■ PROBLEM TO WORK ON: Take the data below and extract the lines from the one with "14K White Gold" to the one with "Military Button-Trim Washed Zip Jacket", inclusive, exactly as written.

■ INPUT:
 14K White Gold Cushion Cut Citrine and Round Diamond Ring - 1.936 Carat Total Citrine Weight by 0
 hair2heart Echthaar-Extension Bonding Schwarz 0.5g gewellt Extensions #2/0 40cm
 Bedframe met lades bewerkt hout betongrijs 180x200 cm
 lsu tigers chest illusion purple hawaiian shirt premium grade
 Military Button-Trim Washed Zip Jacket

...

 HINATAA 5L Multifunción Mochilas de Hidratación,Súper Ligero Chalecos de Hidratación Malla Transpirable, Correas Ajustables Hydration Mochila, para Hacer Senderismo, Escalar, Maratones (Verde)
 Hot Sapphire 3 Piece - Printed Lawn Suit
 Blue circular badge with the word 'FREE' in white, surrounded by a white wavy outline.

■ ANSWER TO THIS PROBLEM:
 14K White Gold Cushion Cut Citrine and Round Diamond Ring - 1.936 Carat Total Citrine Weight by 0
 hair2heart Echthaar-Extension Bonding Schwarz 0.5g gewellt Extensions #2/0 40cm
 Bedframe met lades bewerkt hout betongrijs 180x200 cm
 lsu tigers chest illusion purple hawaiian shirt premium grade
 Military Button-Trim Washed Zip Jacket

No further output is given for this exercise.